Five Steps to Successful Mobile Campaigns in Google AdWords

by Theo Bennett

So you think you need a mobile campaign?  Well you probably do.  Web browsing and searching is exploding on so called smartphones that contain fully functioning browsers.  This includes, of course, the iPhone but also phones which run on Google’s Android operating system.  The iPhone was first, but according to Macworld, Android based phones will duke it out with Apple for smartphone dominance.  This is not only a rosy outlook for Google’s Android operating system, but also for mobile marketers. 

So should you market to mobile users, here are five quick steps to take to help you answer this question:

  1. Do you have a mobile website? I know what’s coming next.  With the exception of the iPhone and Adobe Flash, today’s smartphones have full browser support and can render websites, so why do you need a mobile site?    The answer is obvious if you look at your 1024×768 website on a 4 inch screen — it looks terrible. If you don’t want to develop your entire site for mobile devices, at least offer a bridge to mobile users:  A few key pages: home, contact us form, about us, locations and click to call functionality, so that users of mobile devices can easily learn more about your company and services.   Code this mobile site with Google Analytics so your referring data doesn’t fall into a black hole.  The last thing you need are referrals from /mobile or mobile.yoursite.com in your GA data.
  2. Log into your Google AdWords account; segment your campaign keywords and ads by “device”. Voila!
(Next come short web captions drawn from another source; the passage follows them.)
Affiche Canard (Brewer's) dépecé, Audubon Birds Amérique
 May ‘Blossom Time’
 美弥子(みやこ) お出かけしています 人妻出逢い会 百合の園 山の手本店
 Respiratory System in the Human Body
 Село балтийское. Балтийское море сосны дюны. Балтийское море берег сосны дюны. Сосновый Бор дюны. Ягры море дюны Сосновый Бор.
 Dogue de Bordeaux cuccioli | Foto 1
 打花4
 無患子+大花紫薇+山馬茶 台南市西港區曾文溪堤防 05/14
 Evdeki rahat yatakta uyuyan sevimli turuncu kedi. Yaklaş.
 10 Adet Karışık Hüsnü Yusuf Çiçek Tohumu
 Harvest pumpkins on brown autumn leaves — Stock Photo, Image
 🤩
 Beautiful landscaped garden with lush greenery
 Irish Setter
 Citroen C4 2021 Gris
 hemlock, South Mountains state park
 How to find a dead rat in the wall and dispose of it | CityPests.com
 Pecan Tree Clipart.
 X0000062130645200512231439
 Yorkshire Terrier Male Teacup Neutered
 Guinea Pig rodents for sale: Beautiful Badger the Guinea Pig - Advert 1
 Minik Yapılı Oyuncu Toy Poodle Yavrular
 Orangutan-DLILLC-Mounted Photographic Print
If you haven’t previously excluded mobile devices from your campaigns; your AdWords data is now broken out by computer and mobile device.  I’ll bet there are more impressions and clicks than you expected!
  3. If you aren’t using AdWords, or even if you are; log into Google Analytics and select “Mobile Traffic” from the advanced segment dropdown.  Booyah!  Here you’ll see only the mobile traffic and how mobile browsers are accessing and converting on your site.
  4. If you have any mobile data after completing steps 2 and 3, and don’t have a mobile site, then build one ASAP. If you have a mobile site and no mobile campaigns, then build a mobile campaign.  That’s right, change your campaign settings in you current campaigns to target only “computers” and then build a new campaign that only targets mobile devices.   When you get started on your mobile campaign, there are many options that include device and mobile service provider.  Skip these for now and target all mobile networks and devices.  Once you’ve collected some data on performance, you can optimize with real data and not hunches that Verizon users will buy more than Sprint users.  (The exception is if you are selling, for example, an iPhone app; then please select iPhone and AT&T here please.) 
  5. Measure and Optimize.   Building a search marketing campaign properly is only the beginning.  Collect data, analyze and optimize. 

So if you’re still not convinced, remember that mobile search can happen in ways that desktop search cant.  It happens away from the office, at times of inspiration or worry.  It happens prior to imminent purchases as buyers ensure they are buying the best widget at the best price.  And it happens, for the most part at a lower cost.  That’s right; I saved the best for last.  Depending on your campaigns and keywords, there is generally less competition on mobile and in my experience; a properly optimized and targeted campaign can get you the same click for less.